TRY IT
Below are records; how many of their lines hold the string "Gallery"? Reply with nothing but the number.

Source data
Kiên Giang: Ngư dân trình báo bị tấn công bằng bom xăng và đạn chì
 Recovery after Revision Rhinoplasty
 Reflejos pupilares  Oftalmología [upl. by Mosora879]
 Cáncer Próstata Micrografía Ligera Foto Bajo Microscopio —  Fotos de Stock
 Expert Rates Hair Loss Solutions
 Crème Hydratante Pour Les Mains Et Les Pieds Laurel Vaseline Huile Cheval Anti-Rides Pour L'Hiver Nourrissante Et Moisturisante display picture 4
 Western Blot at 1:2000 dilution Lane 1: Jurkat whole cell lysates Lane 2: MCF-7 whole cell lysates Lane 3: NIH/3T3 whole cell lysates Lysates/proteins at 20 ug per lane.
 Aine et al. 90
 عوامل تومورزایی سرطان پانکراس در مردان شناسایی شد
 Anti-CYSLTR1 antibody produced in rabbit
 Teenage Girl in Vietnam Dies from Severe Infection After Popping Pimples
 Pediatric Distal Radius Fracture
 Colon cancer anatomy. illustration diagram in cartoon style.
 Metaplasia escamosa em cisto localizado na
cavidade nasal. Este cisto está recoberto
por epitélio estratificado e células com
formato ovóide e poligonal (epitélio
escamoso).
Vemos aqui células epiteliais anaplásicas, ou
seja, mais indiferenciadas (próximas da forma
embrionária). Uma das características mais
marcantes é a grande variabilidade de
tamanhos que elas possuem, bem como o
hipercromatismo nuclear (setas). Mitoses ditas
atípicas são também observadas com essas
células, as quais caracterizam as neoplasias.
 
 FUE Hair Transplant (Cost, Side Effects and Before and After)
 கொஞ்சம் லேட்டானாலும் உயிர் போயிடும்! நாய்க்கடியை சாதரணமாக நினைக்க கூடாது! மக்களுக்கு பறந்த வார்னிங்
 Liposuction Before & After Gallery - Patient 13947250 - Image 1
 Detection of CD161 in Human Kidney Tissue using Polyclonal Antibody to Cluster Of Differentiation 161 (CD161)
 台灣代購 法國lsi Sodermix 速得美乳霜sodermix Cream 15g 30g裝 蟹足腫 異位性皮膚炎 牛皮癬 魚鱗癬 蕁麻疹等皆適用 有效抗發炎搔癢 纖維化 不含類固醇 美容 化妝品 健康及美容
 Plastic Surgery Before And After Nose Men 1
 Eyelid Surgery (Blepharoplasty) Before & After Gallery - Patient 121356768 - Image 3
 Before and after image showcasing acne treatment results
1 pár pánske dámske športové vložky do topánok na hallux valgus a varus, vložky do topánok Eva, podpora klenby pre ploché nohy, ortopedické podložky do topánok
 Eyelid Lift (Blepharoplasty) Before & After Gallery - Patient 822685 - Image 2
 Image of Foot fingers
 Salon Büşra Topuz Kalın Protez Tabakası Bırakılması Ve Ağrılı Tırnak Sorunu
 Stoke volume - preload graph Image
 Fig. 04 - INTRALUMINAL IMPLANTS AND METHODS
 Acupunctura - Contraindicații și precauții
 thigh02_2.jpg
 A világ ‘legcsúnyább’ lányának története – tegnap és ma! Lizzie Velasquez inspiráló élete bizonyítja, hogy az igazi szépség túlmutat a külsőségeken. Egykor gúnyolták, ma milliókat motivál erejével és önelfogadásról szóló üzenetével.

YOUR SOLUTION
3